Der Experte schließt mit klaren Worten: Der Versuch eines Hochstilisierens dieses Kriegs zu einem Kampf "Demokratie versus Autoritarismus" ist in Wahrheit eine Ideologisierung und etwas ganz Banales: "Nämlich ein Kampf der Großmächte."

Zur Person: Gerhard Mangott

Univ.Prof. Mag. Dr. Gerhard Mangott ist Politikwissenschaftler und Professor für internationale Beziehungen an der Universität Innsbruck mit dem Schwerpunkt Osteuropa und Russland. Er studierte Politikwissenschaft, Geschichte und Slawistik an der Universität Innsbruck sowie an der Universität Salzburg. Er spezialisierte sich auf den Fachbereich „Vergleichende Regierungslehre und die politischen Systeme des östlichen Europa“. Im Jahr 2001 promovierte er zum Doktor der Philosophie im Fach Politikwissenschaft.

Gerhard Mangott wurde im Jahr 2002 habilitiert und ist seit 1. Oktober 2015 Universitätsprofessor für Internationale Beziehungen an der Universität Innsbruck. Sein Hauptforschungsgebiet ist Internationale Politik und vergleichende Regimelehre.

Zum Event: der 23. Industriekongress

Der Krieg in der Ukraine, Lieferengpässe, das Gespenst der Stagflation und die Fragen nach der geopolitischen Macht prägen nicht nur das aktuelle Zeitgeschehen, sondern bedrohen freien Handel und Globalisierung.
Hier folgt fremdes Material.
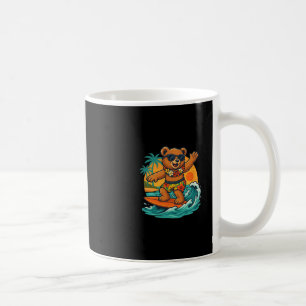Caneca De Café Urso Surfando na Temporada de Verão para Amantes d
Österreichs Industrie bleibt von diesen drastischen Entwicklungen nicht verschont. Die Verteuerungen von Energie und Rohstoffen, nicht enden wollende Pandemie und eine zunehmende Liquiditätsklemme für KMUs bieten genügend Zündstoff.

Gleichzeitig ermöglicht aber gerade der Krieg in der Ukraine und die damit einhergehenden Energieproblematiken die einmalige Chance, das Thema der Klimakrise und Nachhaltigkeit zügig für den Industrie-Standort Österreich anzugehen.

Am 23. Juni 2022 fand der 23. Industriekongress im Wiener Hotel The Ritz-Carlton statt - und mit dabei waren hochrangige ExpertInnen aus Forschung und Industrie: Hans Joachim Schellnhuber, Gerhard Mangott, Karin Exner-Wöhrer, Gerald Grohmann, Robert Machtlinger und viele andere Speaker diskutierten über die Fragen unserer Zeit.